Я сказала, что по линии святости он прогрессирует: сперва Гегель, затем Христос. Кто следующий?
Пабло на минуту задумался.
– Не знаю, – ответил он. – Возможно, Аристотель. Во всяком случае, тот, кто предположительно сможет вернуть живопись на путь истинный.
Я спросила, когда живопись сбилась с этого пути.
– Это долгая история, – заговорил Пабло, – но ты хорошая слушательница, так что объясню. Придется вернуться к древним грекам и египтянам. Сегодня, к сожалению, у нас нет порядка или канона, по которому все художественное творчество подчиняется правилам. У них – греков, египтян, римлян – такой канон существовал. Уклониться от него было невозможно, поскольку так называемая красота, по определению, заключалась в этих правилах. Но едва искусство утратило все связи с традицией, и пришедшее с импрессионизмом своего рода освобождение позволило художнику делать все, что заблагорассудится, живописи пришел конец. Когда решили, что главное – ощущения и эмоции художника, что каждый может обновлять живопись как ему вздумается, на любой основе, она перестала существовать; остались только индивидуальности. Скульптура умерла той же смертью.
Начиная с Ван Гога, мы, какими бы великими ни были, в определенной степени самоучки – едва ли не первобытные художники. Художник больше не живет в рамках традиции, и каждому из нас приходится заново создавать весь язык искусства. Каждый современный художник имеет полное право создавать собственный язык от А до Я. Никакие критерии не применимы к нему, так как мы не признаем больше неукоснительных норм.

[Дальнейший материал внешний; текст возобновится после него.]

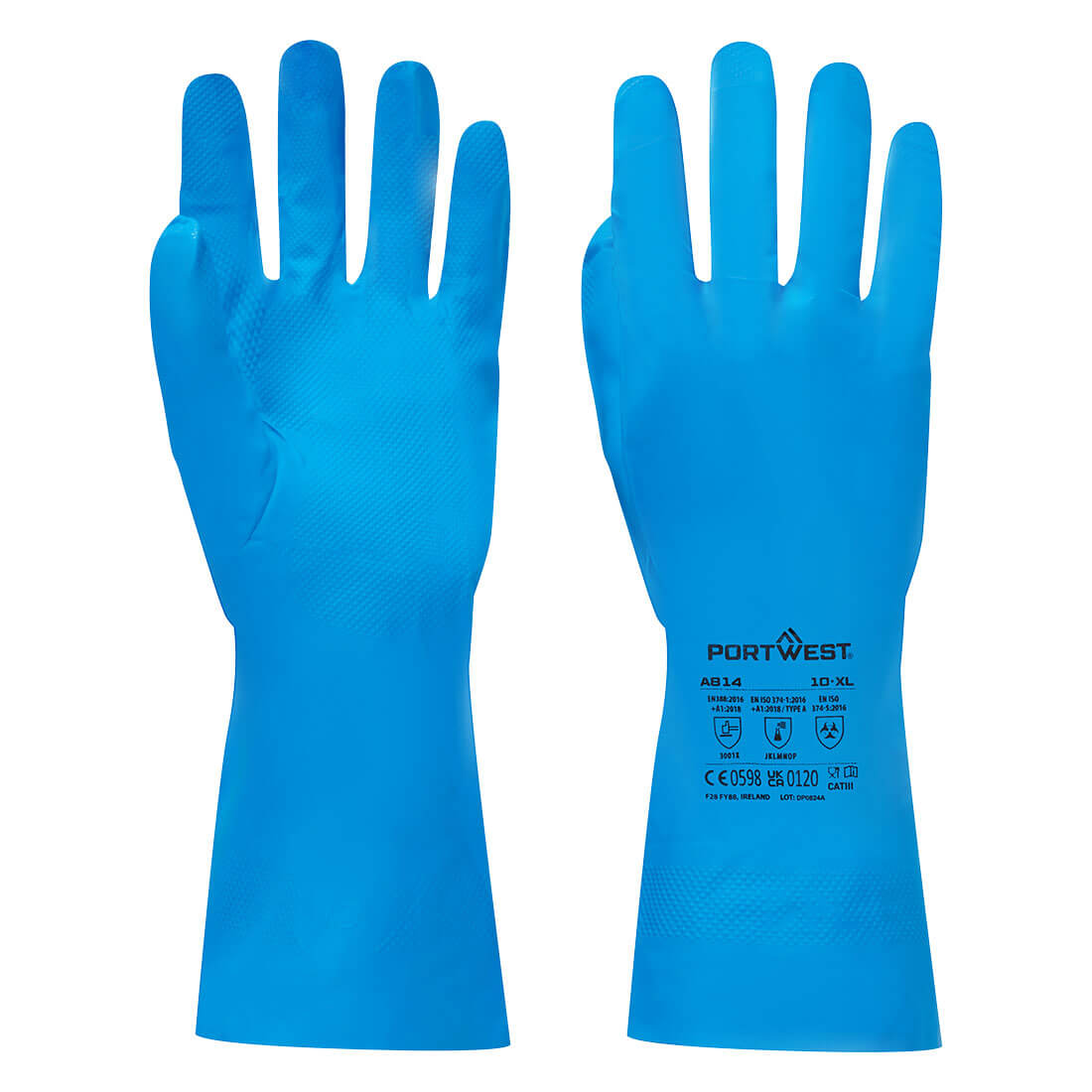A814 - Guanto in nitrile per alimenti
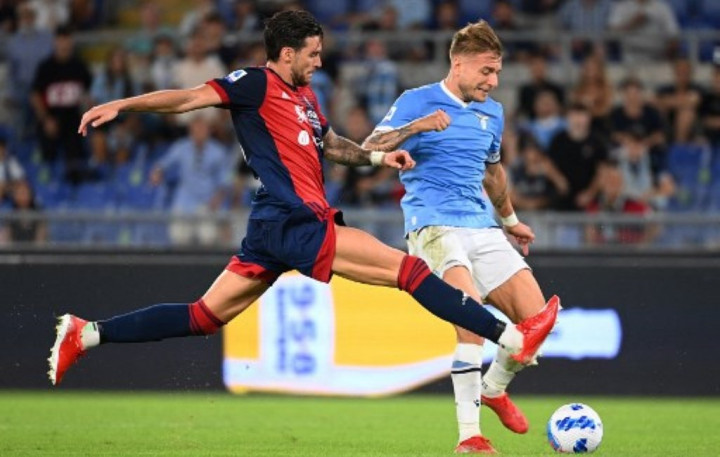 4 Fakta Menarik Usai Lazio Diimbangi Cagliari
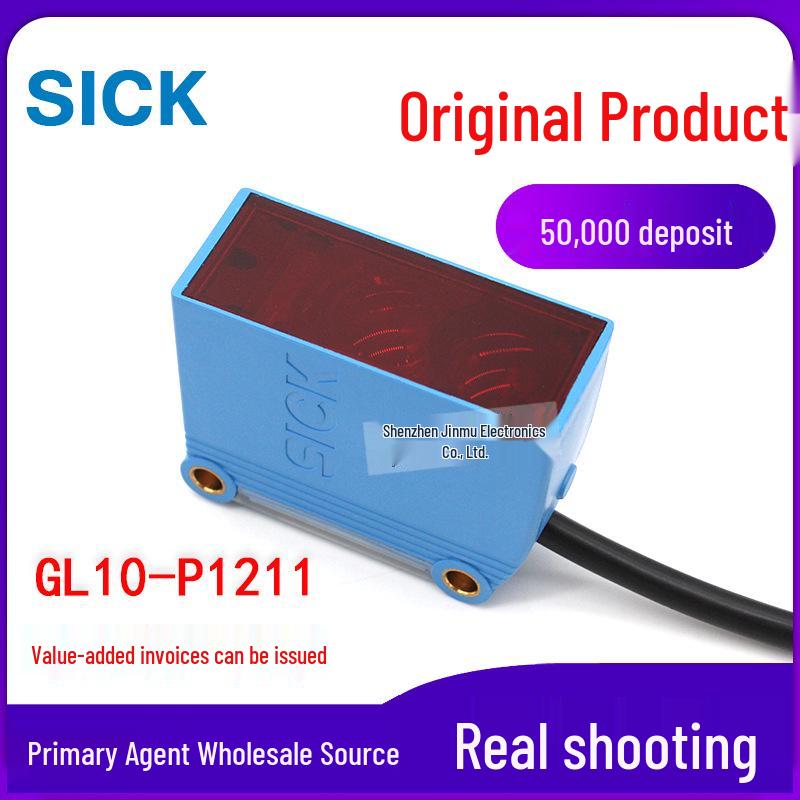 GL10-P1211 Genuine Photoelectric Sensor, Mirror Reflection Visible Light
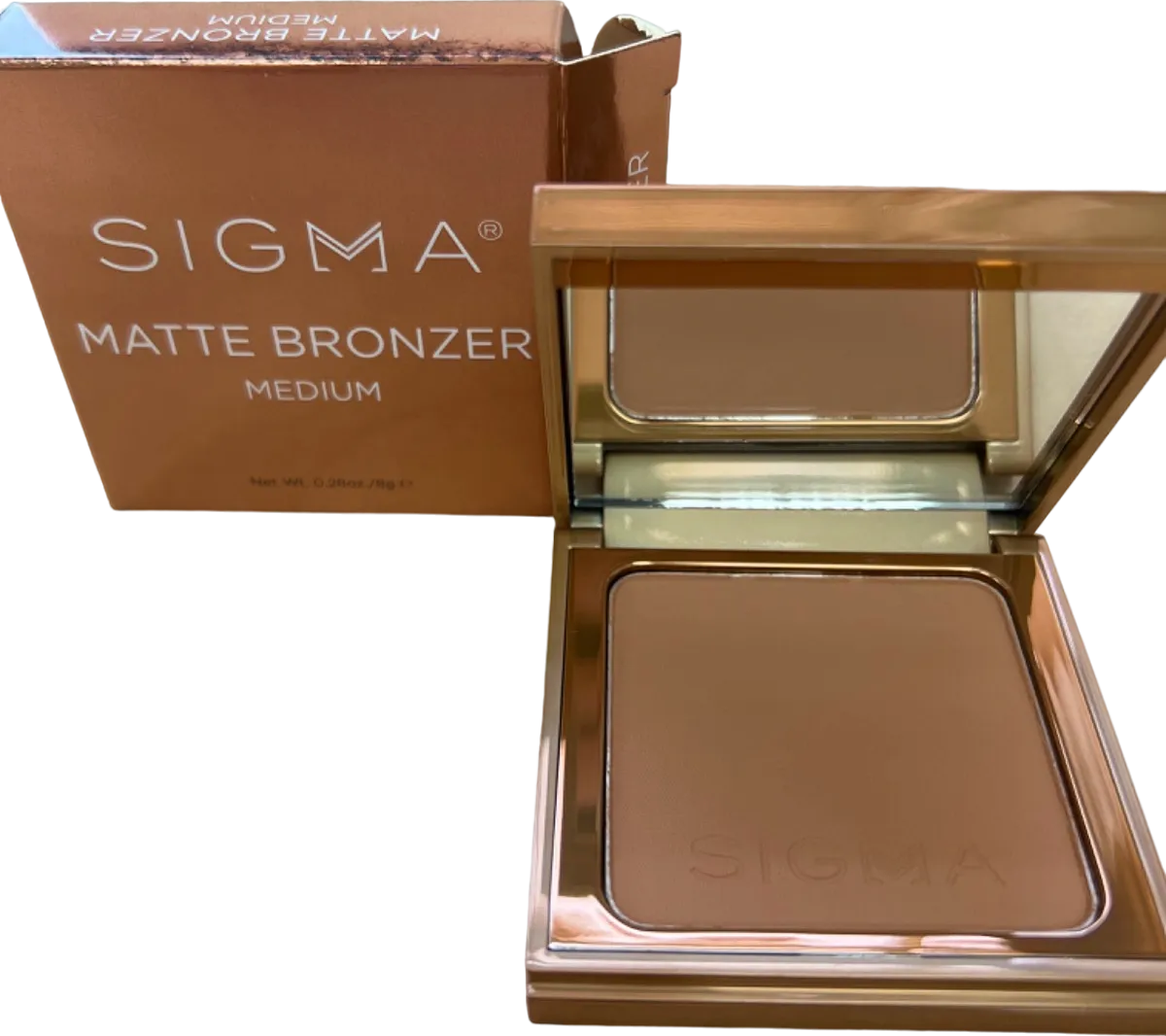 Sigma Matte Bronzer Medium No Shade No Size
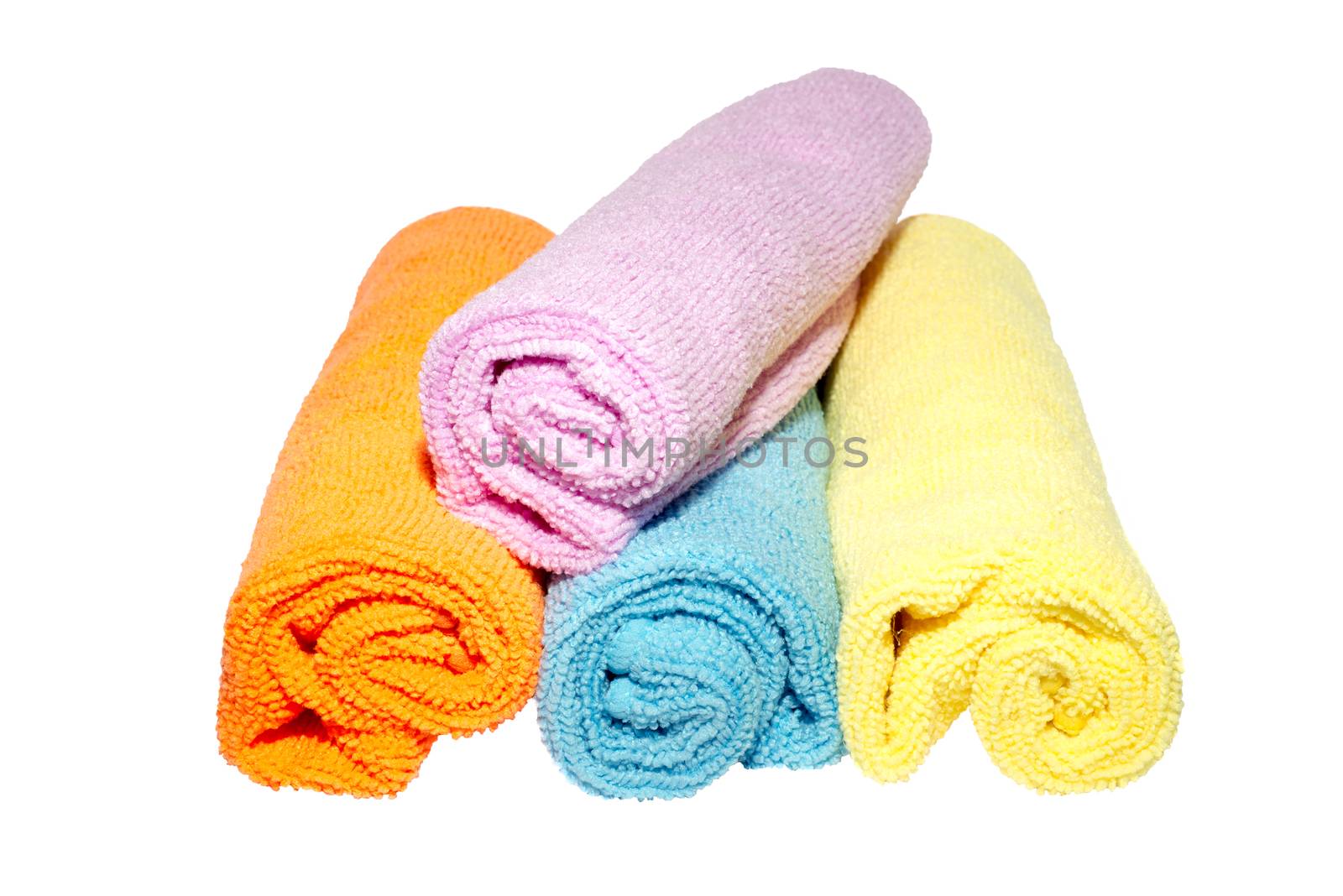 4 facecloth rolls various shades by morrbyte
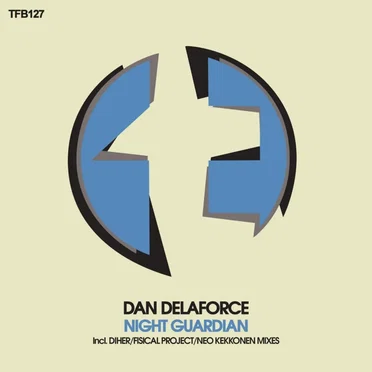 Night Guardian by Dan Delaforce - album cover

В определенном смысле это освобождение, но вместе с тем и суровое ограничение, потому что когда начинает выражаться индивидуальность художника, обретения по части свободы оборачиваются утратами по части порядка, а если ты больше не можешь быть в ладах с каким-то порядком, то это, в сущности, очень скверно.
Я вспомнила о кубизме. И спросила, не являлся ли он своего рода порядком. Пабло пожал плечами.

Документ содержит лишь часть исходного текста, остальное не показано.